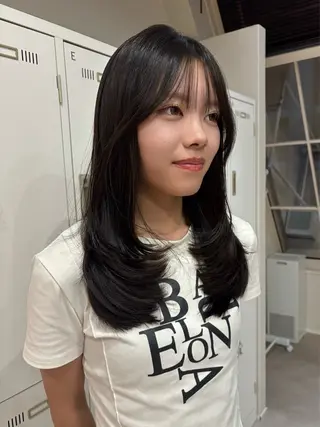 ロング 藤井 ユウキのヘアスタイル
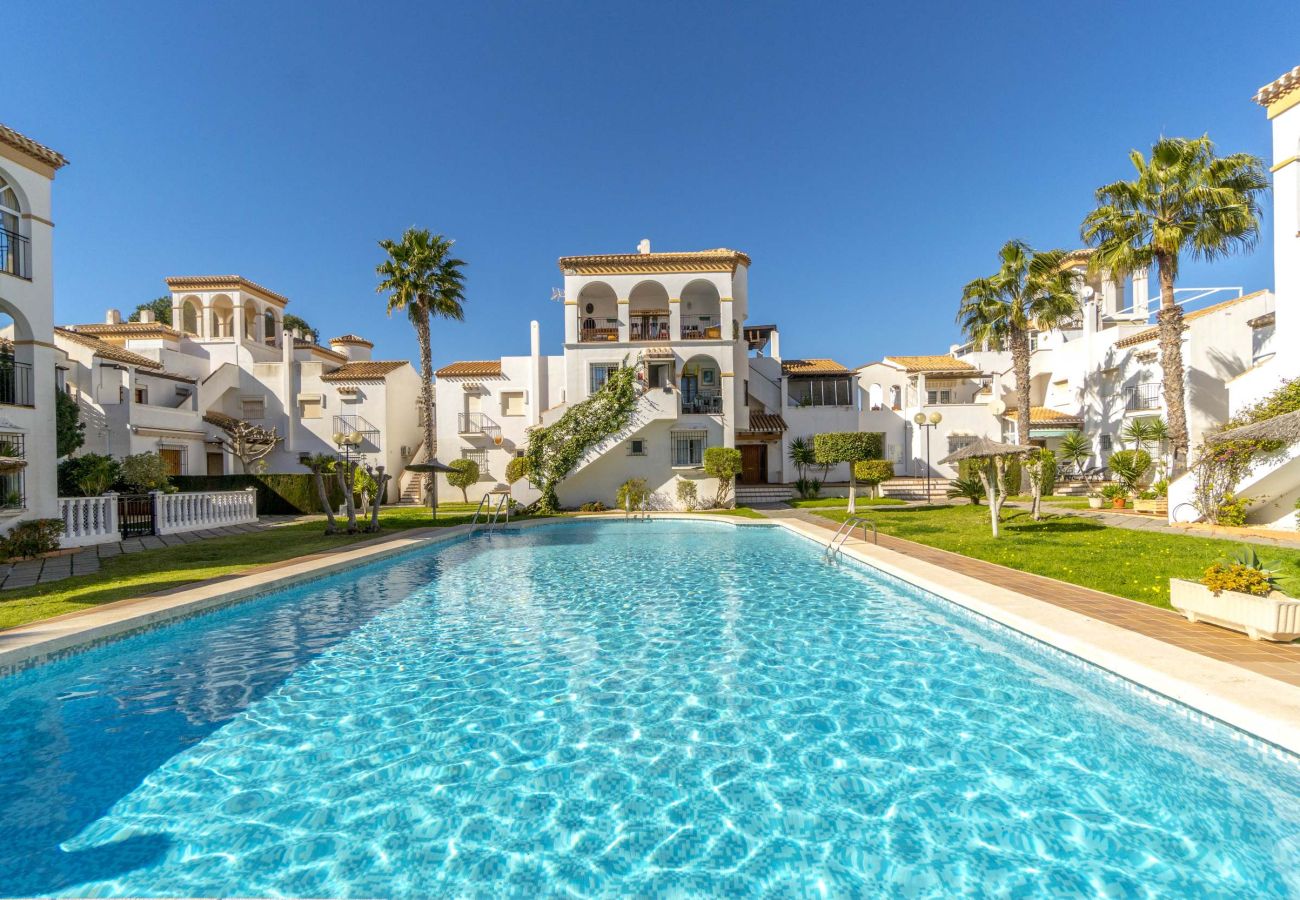 Bungalow en Orihuela Costa - CORDOBA by the Sea EGVT-1401-A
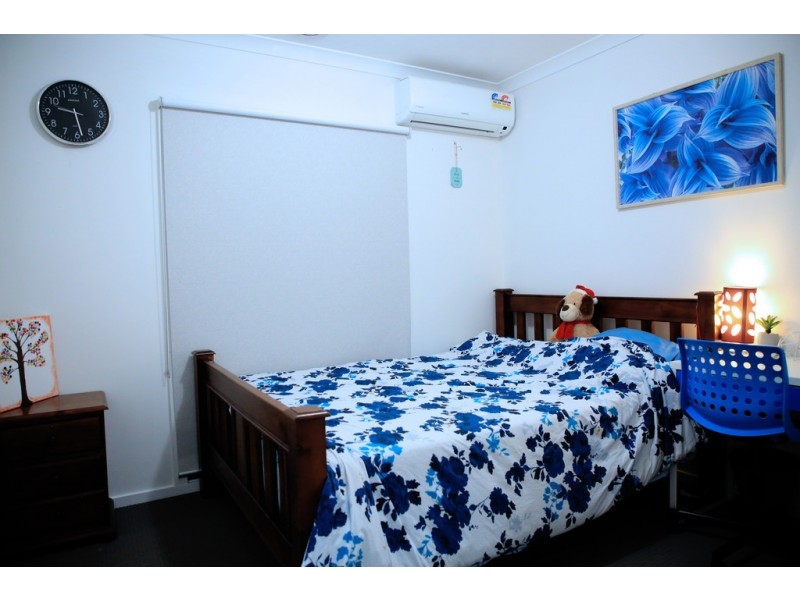 14 San Fratello Street, Clyde North VIC 3978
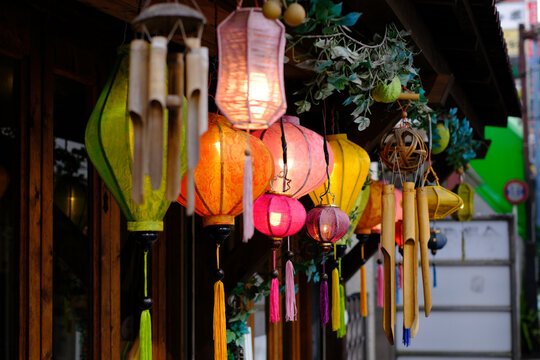 軒下を飾る色とりどりの行燈
Colorful Lanterns Adorning the Eaves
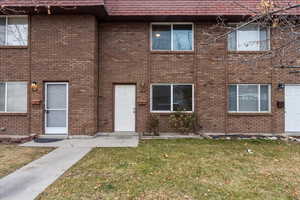 View of front facade featuring a front lawn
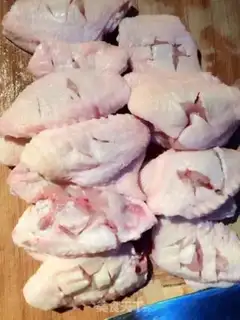Make Red chicken wings step 0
____________
### EXERCISE OBJECTIVE
Begin at the line containing "Bungalow en Orihuela" and stop at the final line of the data. Retype those lines exactly, without the pictures.

### COMPLETED TASK
 Bungalow en Orihuela Costa - CORDOBA by the Sea EGVT-1401-A
 14 San Fratello Street, Clyde North VIC 3978
 軒下を飾る色とりどりの行燈
Colorful Lanterns Adorning the Eaves
 View of front facade featuring a front lawn
Make Red chicken wings step 0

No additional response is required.